▶ [Data shown]
+-------+
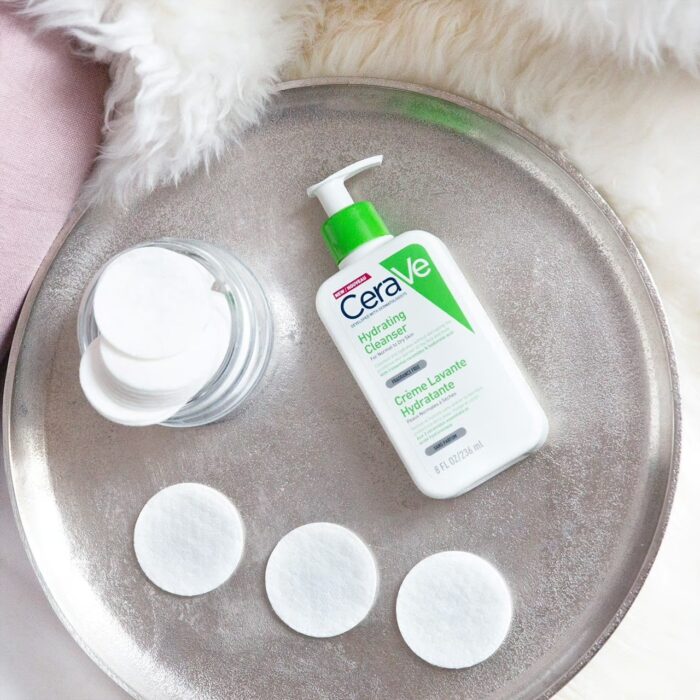 CeraVe Hydrating Cleanser Hydrateert en Reinigend - Afbeelding 2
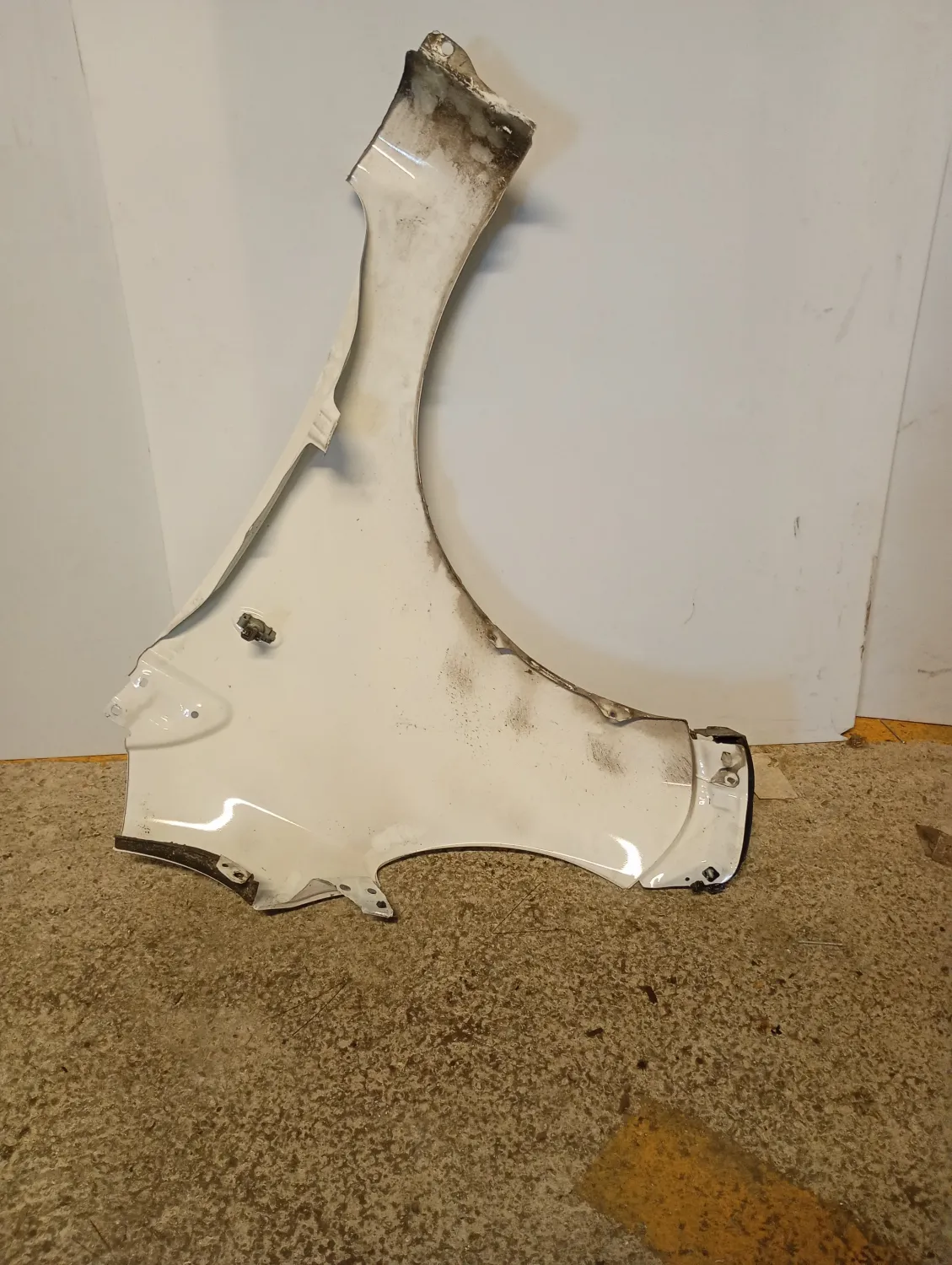 Parafango anteriore destra Peugeot 107 (2005 – oggi) 1.0 50 KW benzina 7841S8 1KR
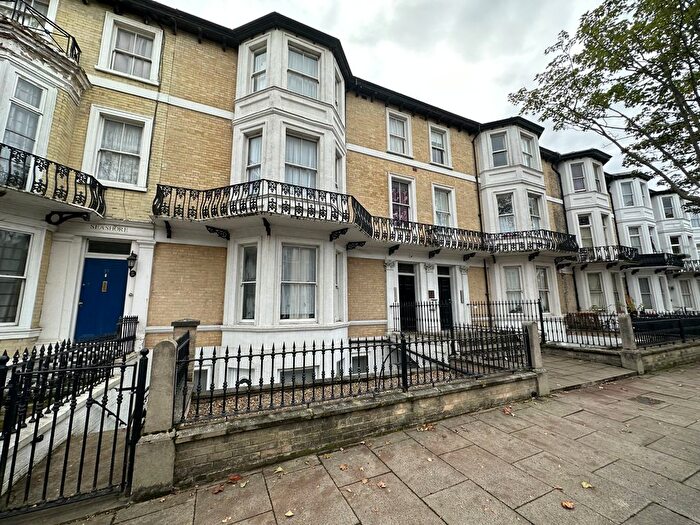 2 Bedroom Flat To Rent In Camperdown, Great Yarmouth, NR30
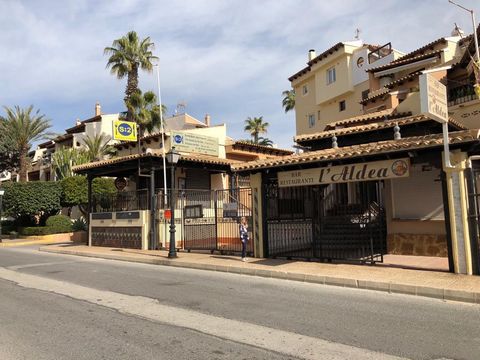 Aldea del Mar is the Most luxury Urbanisacion in Torrevieja, with a very large community pool, with island, restaurant and exotic gardens. The architect was The famous Pedro Ouzup, and the building’s have a lot of rustic components from historic Finc...
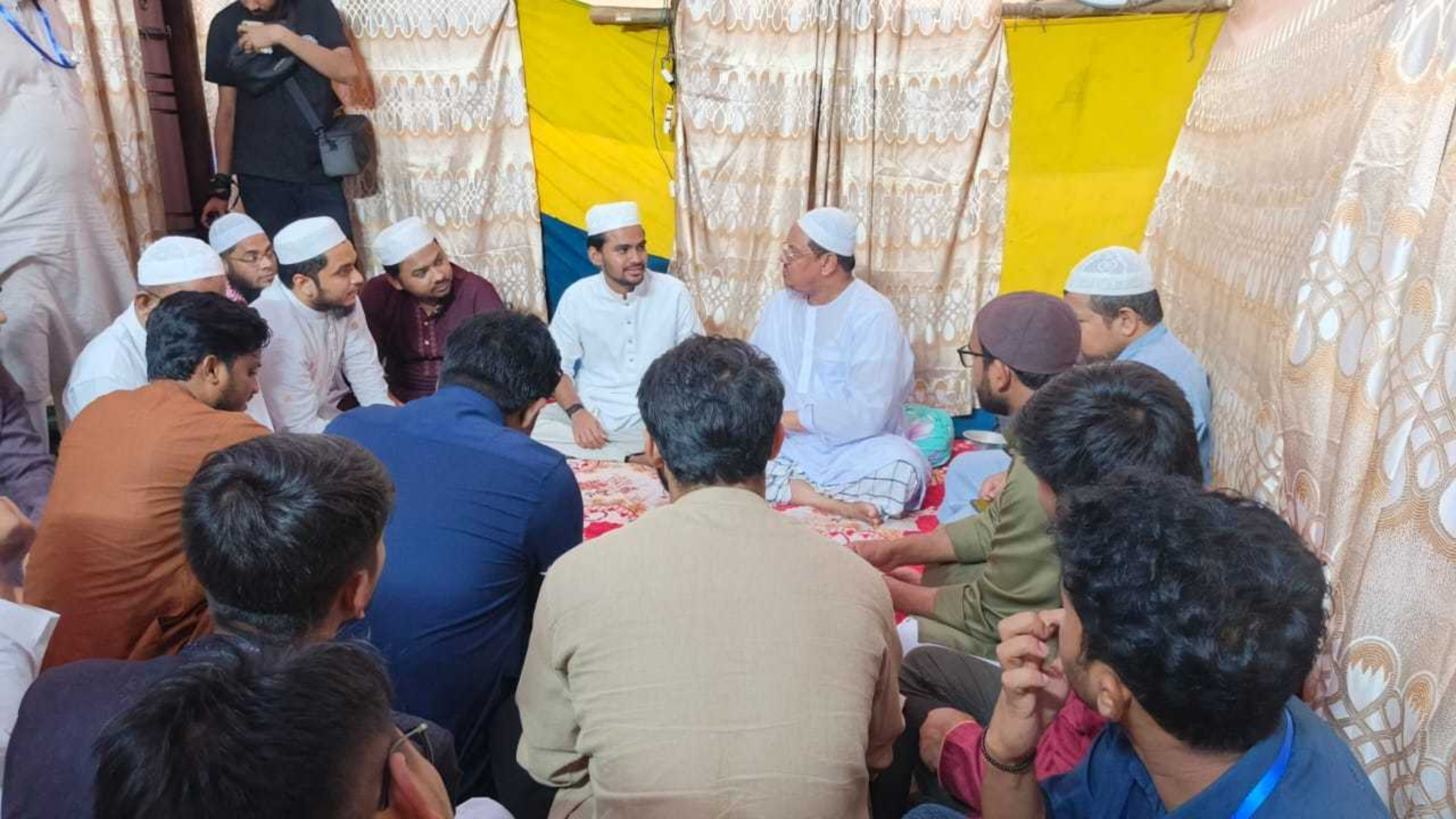 চরমোনাই মাহফিলে পীরের সঙ্গে এনসিপি প্রতিনিধিদলের মতবিনিময়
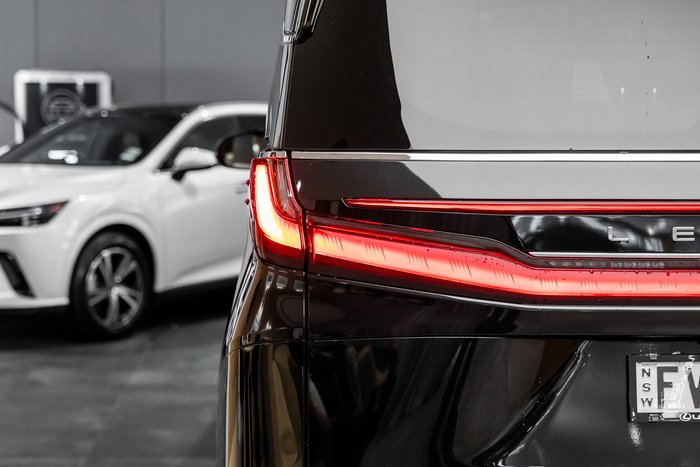 2024 Lexus LM350h Sports Luxury 2WD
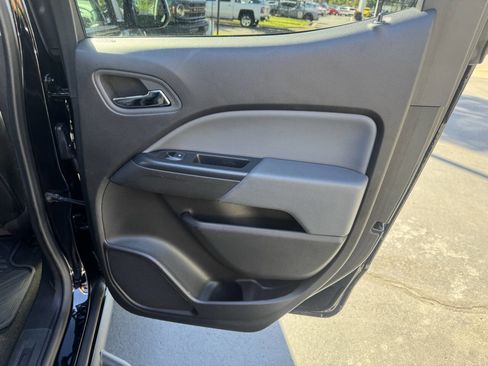 Used 2015 Chevrolet Colorado Z71 image 14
+-------+
▶ [Assignment]
Your copy should consist only of the lines from the one containing "2024 Lexus LM350h Sports Luxury 2WD" through the last line of the entries above, reproduced exactly, without pictures.

▶ [Answer section]
 2024 Lexus LM350h Sports Luxury 2WD
 Used 2015 Chevrolet Colorado Z71 image 14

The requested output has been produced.